> [TASK REQUIREMENTS] Using "Water" as the search string, find the matching lines below and copy them.

═══

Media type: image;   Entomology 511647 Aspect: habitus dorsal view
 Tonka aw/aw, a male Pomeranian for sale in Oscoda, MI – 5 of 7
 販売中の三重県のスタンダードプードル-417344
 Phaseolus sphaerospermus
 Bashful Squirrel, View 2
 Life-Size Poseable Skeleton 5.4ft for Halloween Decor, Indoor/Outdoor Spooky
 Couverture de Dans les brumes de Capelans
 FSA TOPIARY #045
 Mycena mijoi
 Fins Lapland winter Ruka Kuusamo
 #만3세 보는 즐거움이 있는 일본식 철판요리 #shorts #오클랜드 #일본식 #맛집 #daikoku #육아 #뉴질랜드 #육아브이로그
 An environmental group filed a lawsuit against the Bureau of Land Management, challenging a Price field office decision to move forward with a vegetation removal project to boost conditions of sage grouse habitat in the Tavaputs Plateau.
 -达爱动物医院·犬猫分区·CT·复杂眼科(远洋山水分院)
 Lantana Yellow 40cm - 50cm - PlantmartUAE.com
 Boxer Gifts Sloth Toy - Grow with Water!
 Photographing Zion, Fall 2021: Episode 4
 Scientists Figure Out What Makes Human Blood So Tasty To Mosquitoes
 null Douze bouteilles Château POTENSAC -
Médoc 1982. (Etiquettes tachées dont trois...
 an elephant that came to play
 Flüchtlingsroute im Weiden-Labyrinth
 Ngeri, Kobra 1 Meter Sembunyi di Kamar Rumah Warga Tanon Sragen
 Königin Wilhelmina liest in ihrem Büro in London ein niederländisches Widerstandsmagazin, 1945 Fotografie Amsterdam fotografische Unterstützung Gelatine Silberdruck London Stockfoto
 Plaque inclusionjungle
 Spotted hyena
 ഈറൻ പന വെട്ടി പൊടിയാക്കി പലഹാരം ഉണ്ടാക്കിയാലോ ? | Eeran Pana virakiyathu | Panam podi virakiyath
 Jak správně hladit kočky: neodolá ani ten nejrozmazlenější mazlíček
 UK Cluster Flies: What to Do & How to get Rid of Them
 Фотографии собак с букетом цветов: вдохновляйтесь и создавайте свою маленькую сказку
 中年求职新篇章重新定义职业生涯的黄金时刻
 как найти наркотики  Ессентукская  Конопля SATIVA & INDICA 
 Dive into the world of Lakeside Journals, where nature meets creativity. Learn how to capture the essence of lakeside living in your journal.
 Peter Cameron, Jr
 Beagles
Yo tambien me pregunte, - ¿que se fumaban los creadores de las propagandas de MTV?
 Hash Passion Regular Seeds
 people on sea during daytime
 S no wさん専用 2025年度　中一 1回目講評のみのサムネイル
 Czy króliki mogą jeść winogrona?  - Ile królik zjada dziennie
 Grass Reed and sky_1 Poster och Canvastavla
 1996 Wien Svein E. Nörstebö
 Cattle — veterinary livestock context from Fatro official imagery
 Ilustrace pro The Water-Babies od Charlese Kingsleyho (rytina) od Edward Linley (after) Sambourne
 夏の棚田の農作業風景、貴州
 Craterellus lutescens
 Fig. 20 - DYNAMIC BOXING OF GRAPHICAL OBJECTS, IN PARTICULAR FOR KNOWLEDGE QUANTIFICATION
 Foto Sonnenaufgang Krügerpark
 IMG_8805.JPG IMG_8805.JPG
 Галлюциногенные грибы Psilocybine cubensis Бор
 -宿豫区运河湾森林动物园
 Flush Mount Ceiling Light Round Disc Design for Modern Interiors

═══

> [TASK ANSWER]
 Boxer Gifts Sloth Toy - Grow with Water!
 Ilustrace pro The Water-Babies od Charlese Kingsleyho (rytina) od Edward Linley (after) Sambourne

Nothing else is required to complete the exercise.